> [Task goal] When you return the lines below, go from the first through the line with "Alabama Xbox X/S Vintage VarsityWrapz", keep them exact, and leave out every picture.

Start of Exercise inputs

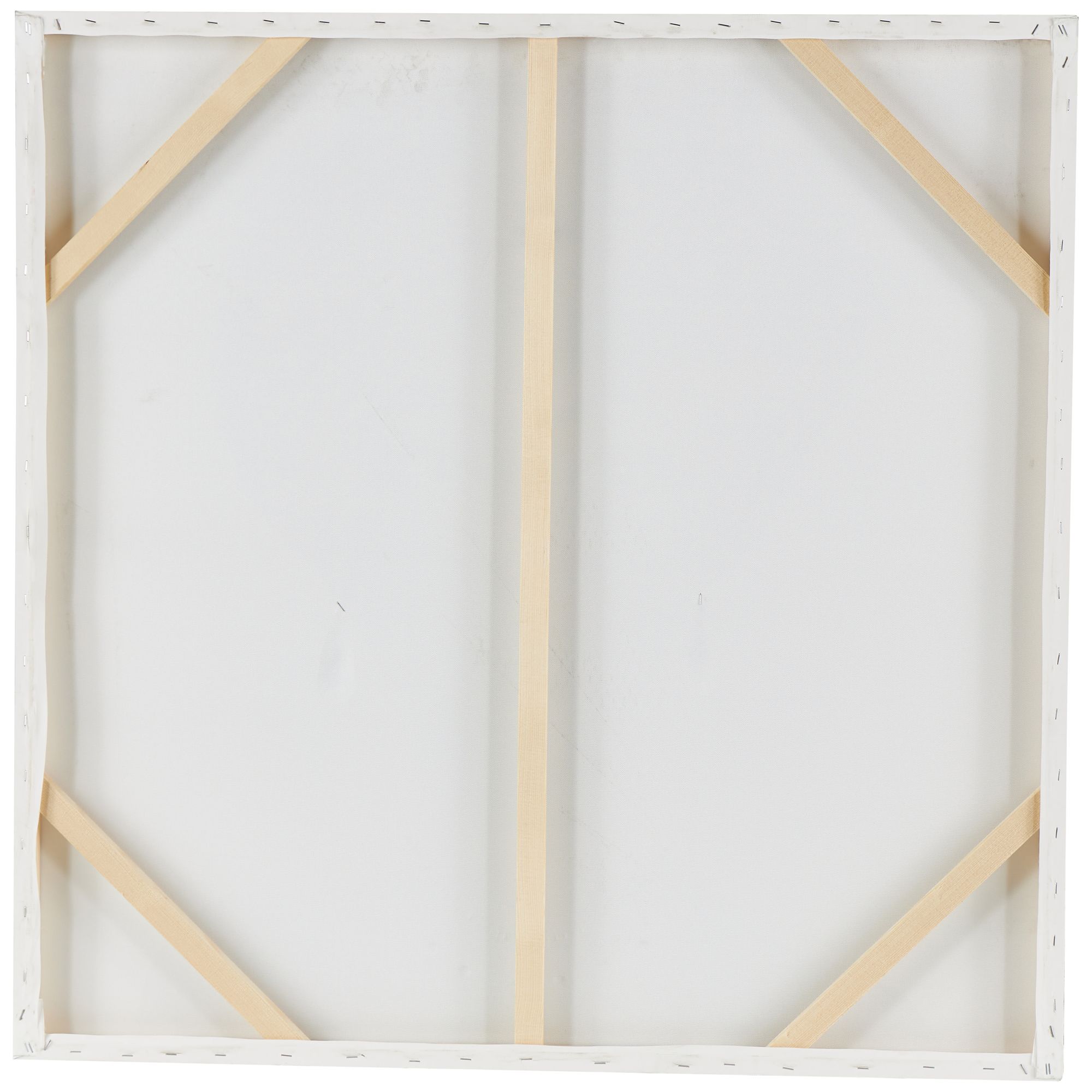 Image 5 Brown Canvas Traditional Wall Art, 40" x 2" x 40" more views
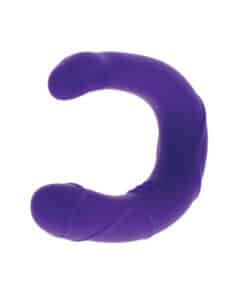 ToyJoy Get Real Vogue Mini Double Dong Purple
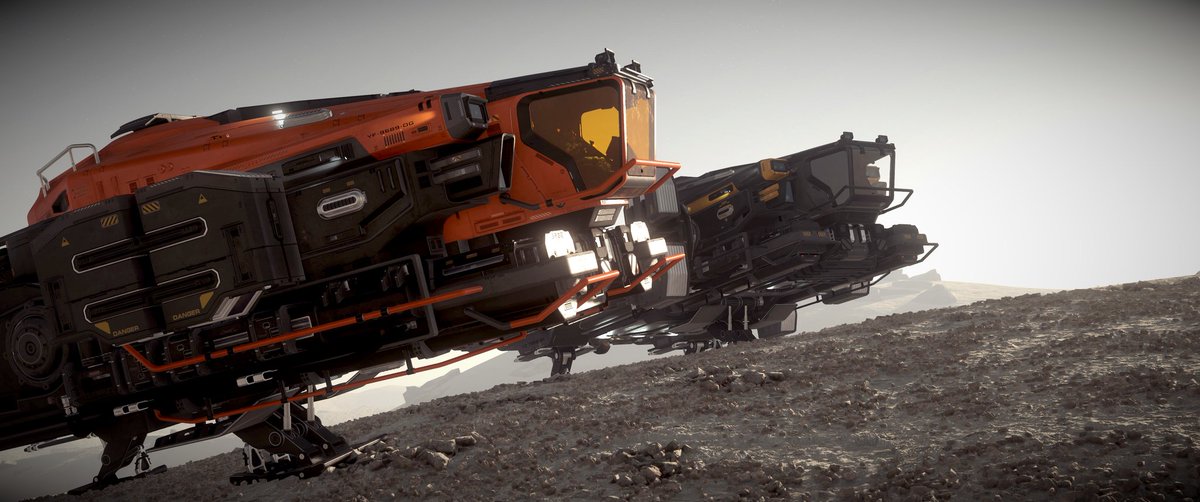 RecklessOC's tweet image. Argo SRV, cool ship.. but needs a lot of work. #StarCitizen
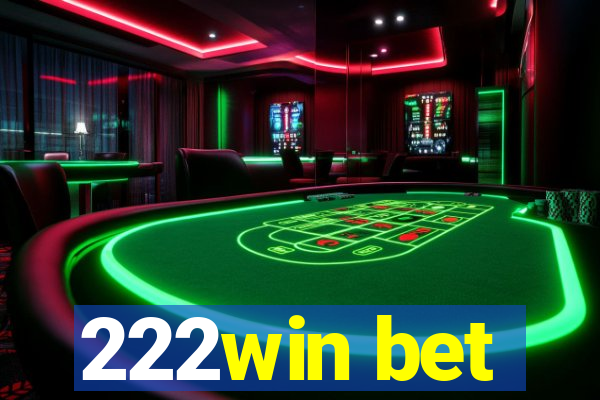 222win bet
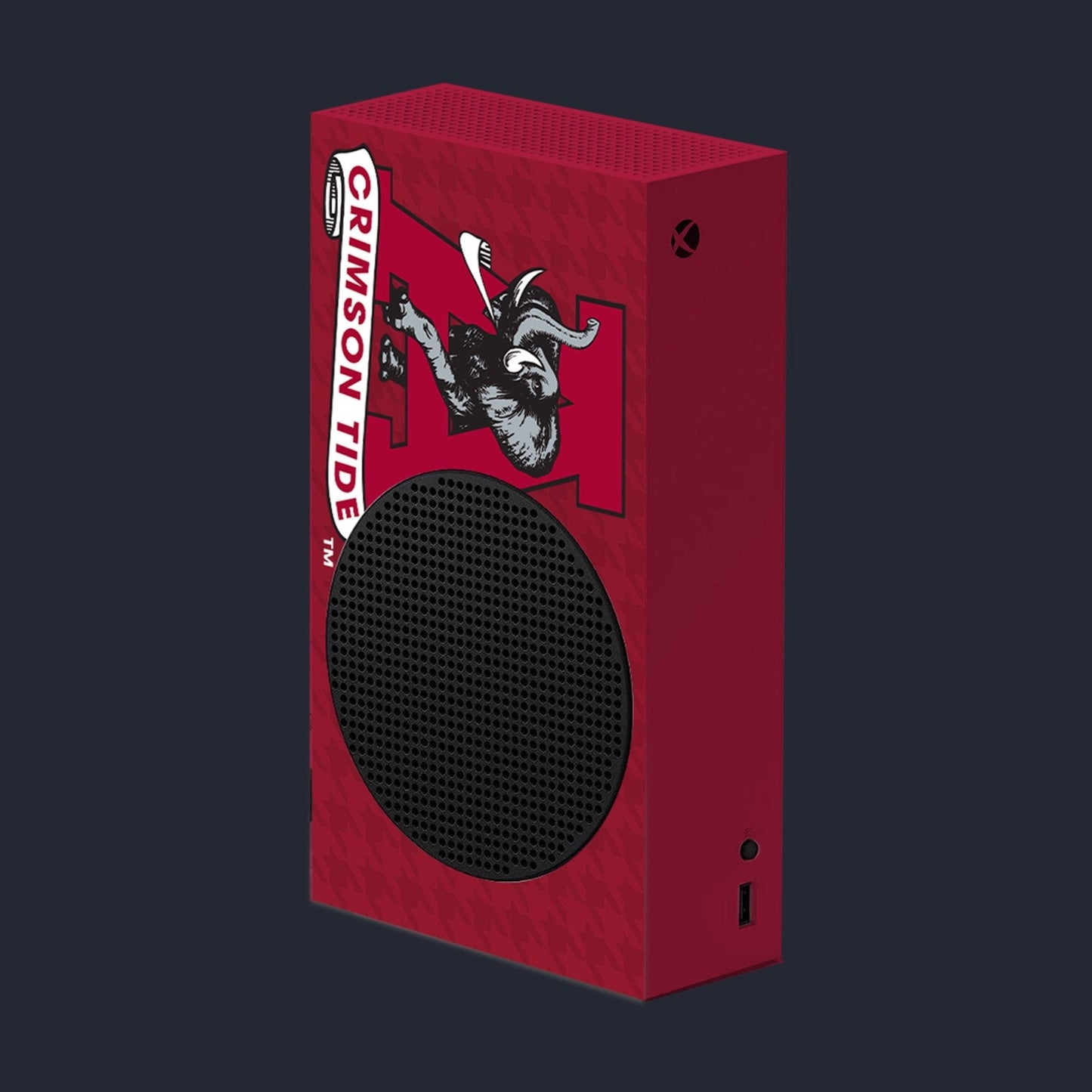 Alabama Xbox X/S Vintage VarsityWrapz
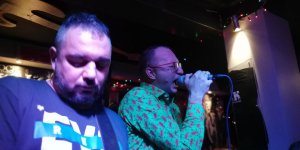 Wszyscy Byliśmy Harcerzami, 1.12.2018, Barock Pub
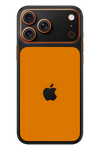 Skin iPhone - Нощно синьо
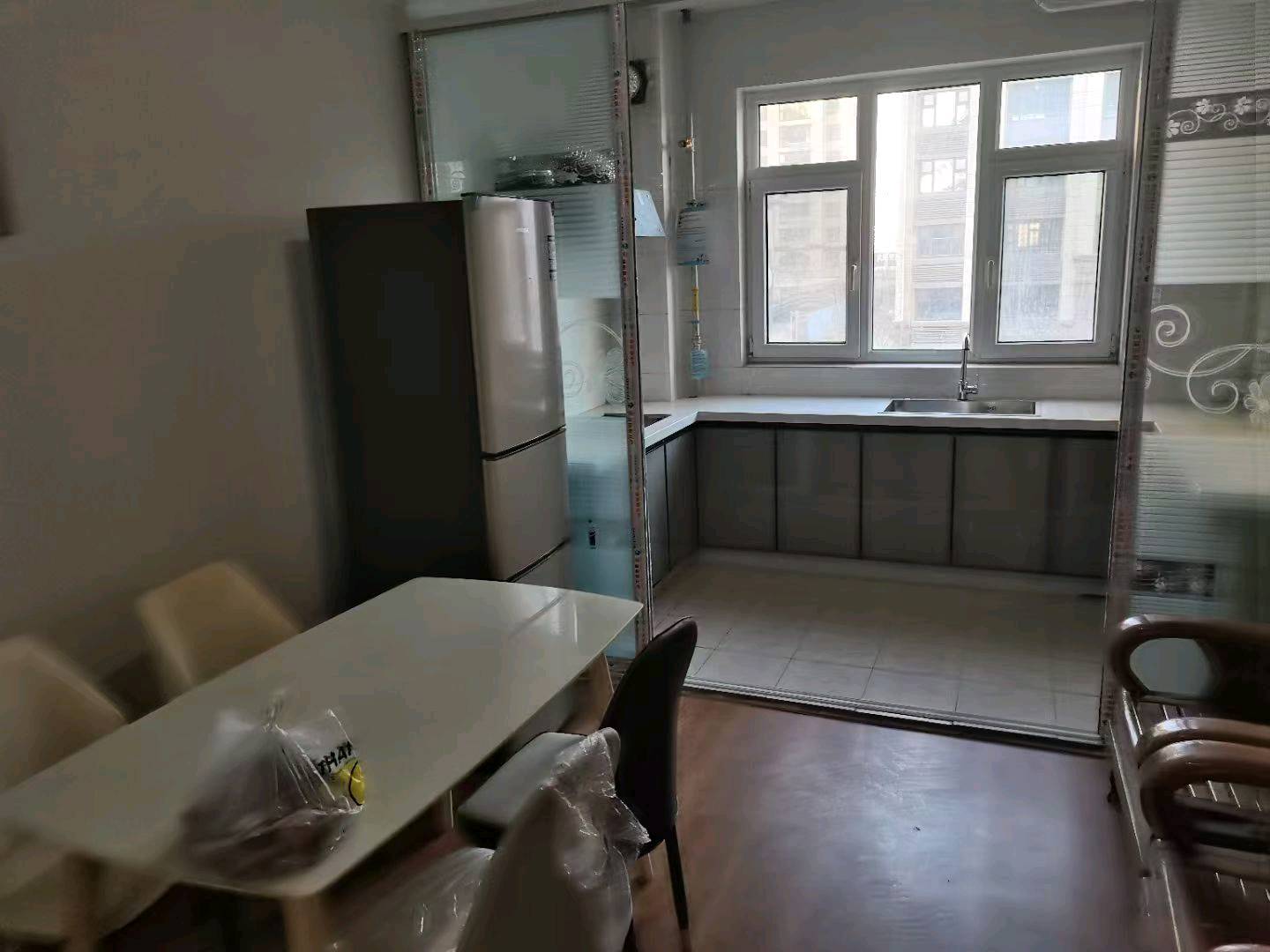 西城名邸赫家社区 随时看房·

End of Exercise inputs

> [Result of this exercise]
 Image 5 Brown Canvas Traditional Wall Art, 40" x 2" x 40" more views
 ToyJoy Get Real Vogue Mini Double Dong Purple
 RecklessOC's tweet image. Argo SRV, cool ship.. but needs a lot of work. #StarCitizen
 222win bet
 Alabama Xbox X/S Vintage VarsityWrapz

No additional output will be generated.